At sentencing, Ocampo conceded that the PSR’s calculations were accurate, but argued that even though he had not met the criminal history requirements for the safety valve provision, see 18 U.S.C. § 3553(f), U.S.S.G. § 5C1.2(a), the court should nevertheless impose a sentence below the mandatory minimum because he had almost met those requirements. For example, he asserted that because his suspended-license conviction was a misdemeanor under Illinois law, and carried a sentence of exactly one year (had it been one day shorter, it would not have counted toward his history score), the court had discretion not to assign—or to ignore—any criminal history points for that offense. Ocampo reasoned that because the safety valve eligibility depends on guideline-based criminal history scores, and because the guidelines themselves are advisory, the district court now has discretion to sentence below the mandatory minimum where he substantially met the safety valve provisions. Separately, Ocampo also contended that he had provided enough truthful information to the government to meet the requirements of § 3553(f)(5), even though the government believed he had not fully satisfied that provision.

The court rejected Ocampo’s first argument on the grounds that § 3553(f) is a statutory provision that must be strictly followed and that the court does not have discretion to sentence below mandatory minimums. The court found that Ocampo did not qualify for the safety valve reduction because he had more than one criminal history point, see § 3553(f)(1), and therefore found it unnecessary to make a finding on the issue of providing truthful information to the government, see § 3553(f)(5). No. 06-3070 Page 3

On appeal Ocampo renews his argument that because United States v. Booker, 543 U.S. 220 (2005), makes the sentencing guidelines advisory, the district court had discretion to use the safety valve provision to sentence below the mandatory minimum even when his criminal history exceeded the requirements of § 3553(f)(1). Ocampo contends that if a district court determines that a defendant’s criminal history “essentially meets the requirements of the safety valve provision,” it may sentence him under that provision.

We review the district court’s interpretation of the safety valve provisions de novo, see United States v.
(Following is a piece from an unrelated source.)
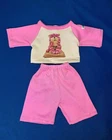 Delux Replica 1980's Cabbage Patch Kid outfit set (includes nappy and socks)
Alvarado, 326 F.3d 857, 860 (7th Cir. 2003). Before Booker was decided, we addressed a similar argument in United States v. Vega- Montano, 341 F.3d 615, 619-20 (7th Cir. 2003). There we held that the district court did not have discretion to sentence a defendant below the mandatory minimum even if it believed, as Ocampo does here, that the defendant’s properly calculated criminal history overstated the seriousness of his record. Since the Supreme Court decided Booker, we have held that nothing in Booker gives a judge any discretion to disregard a mandatory minimum sentence because Booker rendered only the sentencing guidelines, not federal statutes, advisory. See United States v. Roberson, 474 F.3d 432, 436-37 (7th Cir. 2007); United States v. Cannon, 429 F.3d 1158, 1160-61 (7th Cir. 2005); United States v. Duncan, 413 F.3d 680, 683 (7th Cir. 2005); United States v. Lee, 399 F.3d 864, 866 (7th Cir. 2005); see also United States v. Jimenez, 451 F.3d 97, 102 (2d Cir. 2006).

Ocampo insists that he is not arguing that the eligibility requirements of the safety value statute are now advisory. He claims that because the guideline sentences are advisory, criminal history points are advisory, too. Therefore, he believes, safety valve eligibility—which depends on “advisory” criminal history scores—is flexible. But criminal history points are not themselves advisory. Even after Booker courts must correctly calculate criminal history points. See United States v.